Schema Extraction 🗓 🗺
Giovedì 22 Ottobre 2015 Ore 11:00-12:30
Sala Riunioni, 1° piano
Dipartimento di Ingegneria Università Roma Tre
Via della Vasca Navale, 79, Roma
Divesh Srivastava is the head of Database Research at AT&T Labs-Research. He is an ACM fellow, on the board of trustees of the VLDB Endowment, the managing editor of the Proceedings of the VLDB Endowment (PVLDB) and an associate editor of the ACM Transactions on Database Systems (TODS). His research interests and publications span a variety of topics in data management.

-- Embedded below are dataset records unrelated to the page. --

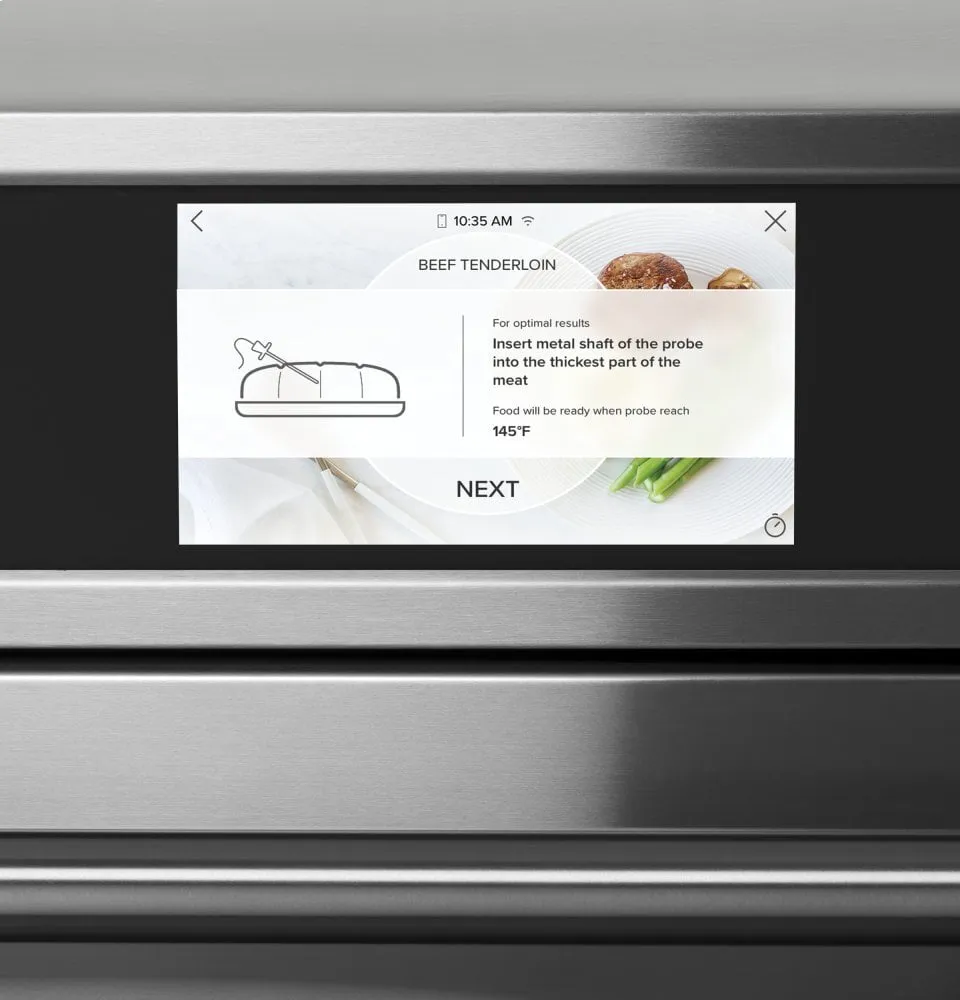 Cafe CTD70DP2NS1 Caf 30" Smart Double Wall Oven With Convection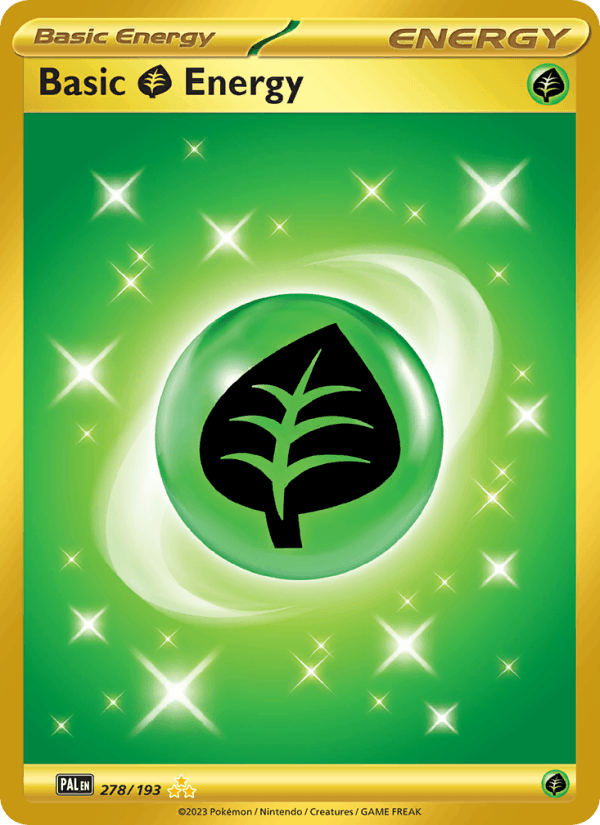 Basic Grass Energy - 278/193 (SV02: Paldea Evolved)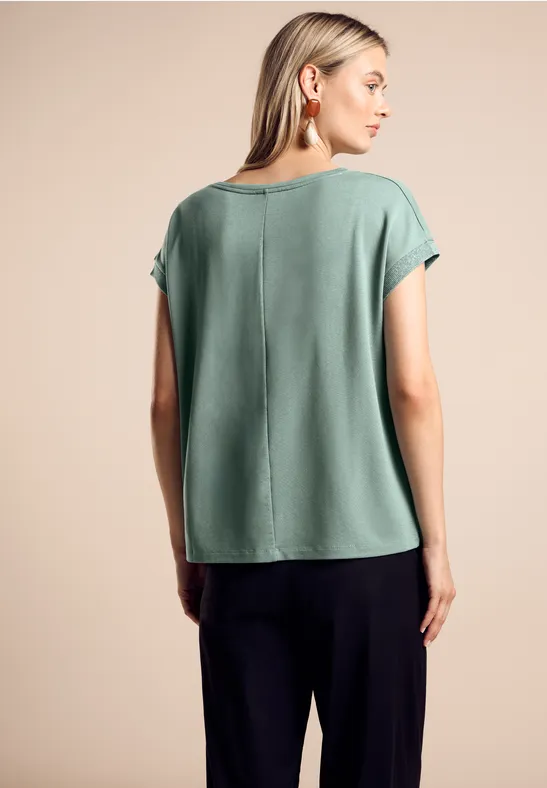 Street One T-Shirt mit Wording Osterangebot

Increasingly complex databases need ever more sophisticated tools to help users understand their schemas and interact with the data. This is challenging since complex databases often have thousands of tables and inadequate schemas, with little indication of the important tables or the main concepts. We address these challenges and describe techniques to extract an understandable schema from a complex database. We first present a robust algorithm to discover foreign/primary key relationships between tables, based on a general rule, termed Randomness. We then describe an information-theoretic approach that takes a set of tables linked using foreign/primary keys to identify important tables and cluster tables into the main concepts of the schema. Finally, we propose summary graphs that meet specified size constraints and preserve the most informative join paths between tables of user interest.